重文見聞録1 渡部家住宅

今回は愛媛県松山市東方町1238番地にある重要文化財の「渡部家住宅」を取り上げてみたいと思います。

 

[堂々とした長屋門]

 

 

渡部家住宅は1866年に上棟した庄屋さんの家で、

 

現在は重要文化財渡部家住宅保護財団が所有、管理しています。

 

[3000俵を収納することができる倉。その扉もまた漆喰による耐火構造でつくられている]

 

この建物の特徴としては、農家でありながら、実質中身は武家屋敷であることです。

 

士農工商の身分がある中で農家は茅葺き屋根が原則で瓦ぶき屋根は許されていませんでした。

 

そのため下の写真のような越し屋根で農家であることを示したそうです。

他にも実質武家屋敷としての特徴を見てみます。

 

[玄関の間には槍かけがある]

 

[プライベートな空間である居間のふすまの奥に隠し階段があり、

 

屋根裏部屋に上がると種子島銃が備えてあった。そこから狙撃できるような構造になっている]

 

[神前の間にはどんでん返しの扉があり、武者隠しのようになっていたらしい]

 

 

 

ペリーの黒船来航が1853年、戊辰戦争が1869年なのでこの渡部家住宅が

 

上棟した1866年ごろはまさに幕末の動乱期であり、セキュリティーの面でも注意を払ったのでしょう。

 

地理的に土佐藩の脱藩浪人が脱走するルートに近かったかもしれません。

 

 

 

 

内装についても見てみましょう。

 

建物を大きく分けると公的な部分と私的な部分に分かれます。

 

公的な部分には藩主を接遇するための表座敷や、米の俵詰めをする土間部分などがあります。

 

[たたきといわれる入口の土間。小屋部分に必要以上に頑丈な梁を

みせつけて庄屋の威厳をしめし、一揆などが起こらないようにしたらしい]

 

 

 

[松山藩主を迎えるための表座敷。長押しの釘隠しには旧藩主久松家の家紋、星梅鉢が装飾されている]

 

 

私的な空間も見てみましょう。

[居間のふすま。
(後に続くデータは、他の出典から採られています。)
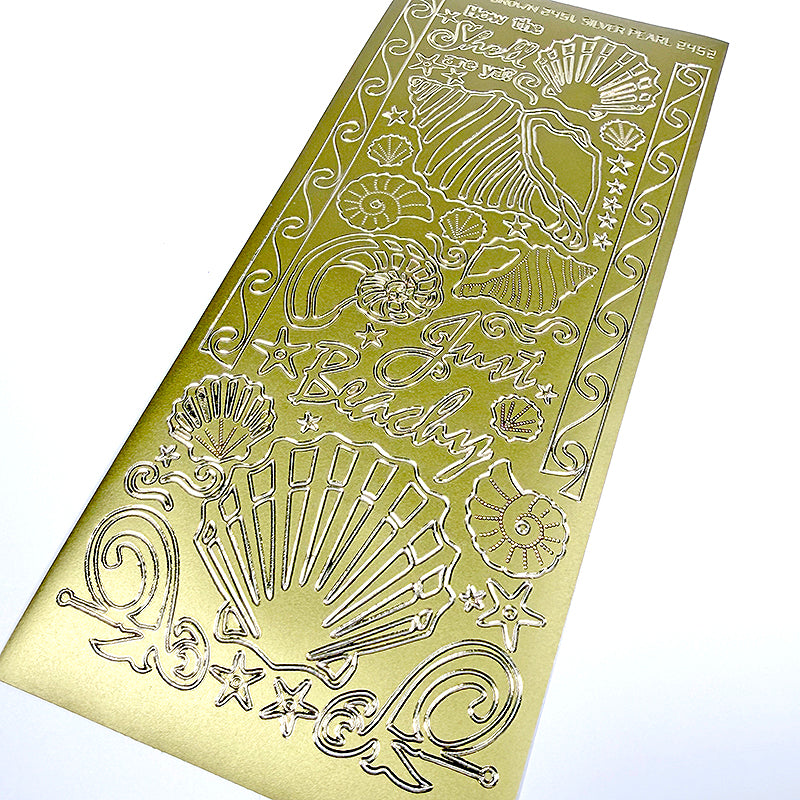 Cabana Shell Dazzle Stickers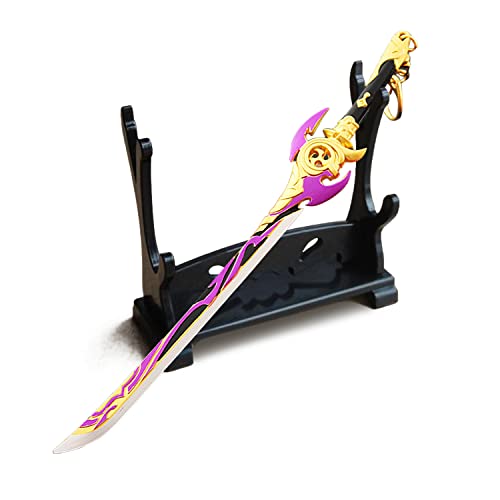 Weapon Keychain Pendant with Display Rack - Mistsplitter Reforged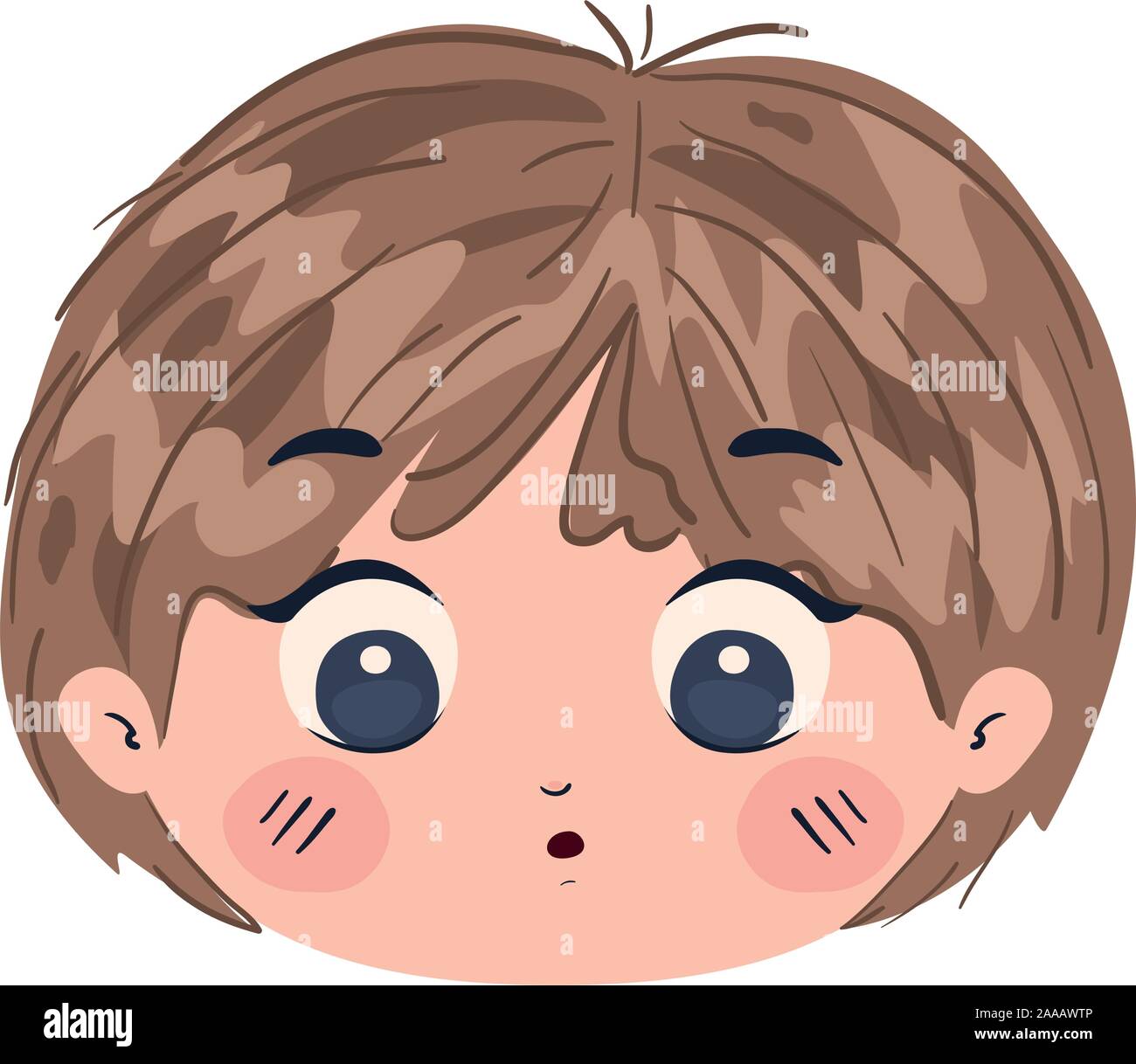 Isolated boy cartoon vector design Stock Vector Image & Art - Alamy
重文に指定されるまで放置されていたため

 

傷んでいるが、この書を見るためだけに来る人もいるとか]

 

 

[居住部のふすまに桐紋がプリントされているようにみえる]

 

 

    

[お産部屋のこの部分だけ、螺鈿の施されたぬりかべが塗られていた]

 

最後に管理人さんが教えてくれた、話。

 

公的な部分の濡れ縁の隅のほうの柱にひょうたんの模様が彫られていました。

    

同様に軒天に扇型や将棋の駒の模様が彫られており、

 

これは大工さんがいたずらで彫ったものらしいです。

 

当時このように棟梁がどこかにいたずらとして彫り物することがよくあったそうです。

 

施主と棟梁の信頼関係がうかがわれますね。